Nicknames and phrases come and go like the passing winds of yesterday. Do you really hear guitars being called axes nowadays?
The answer to this is that it likely depends on the circle of musicians you hang around with. Like any regional dialect, each town’s musicians will have their own coined phrases finding their way into conversations.
It’s even especially likely that there are people in your nearby vicinity who use the phrase. But, because you play different music than they do, you might not hear it as often.
With that being said, calling a guitar an axe certainly isn’t an “uncool” thing to do by any means. The guitar is one of the “coolest” things on the planet, why else would we be so obsessed with it?
If you’re wondering about its use, you likely care about what people might think if you say it. Well, the only real way to find out is to try it, but chances are, nobody will bat an eye.

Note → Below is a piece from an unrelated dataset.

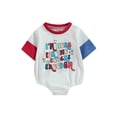 thumbnail image 1 of Bagilaanoe Newborn Baby Girl Boy Rompers Letter Print Short Sleeve Bodysuits 3M 6M 12M 18M Infant Casual One Piece Short Jumpsuit, 1 of 8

This nickname has been used for decades (at least), so it isn’t exactly out of the norm. Plus, your usage of the term only ensures that the next generation gets to use it in their own vernacular.
Why Is A Guitar Called An Axe? Final Thoughts
Calling a guitar an axe definitely has some murky origins, and nobody knows for sure how it came about. But, there are at least some obvious answers as to why the slang for the guitar exists.
Next time you need to refer to your guitar in conversation, consider calling it your axe for old-time’s sake. Because, when you need to slay the aural senses of an audience, there’s no better tool than a sonic axe.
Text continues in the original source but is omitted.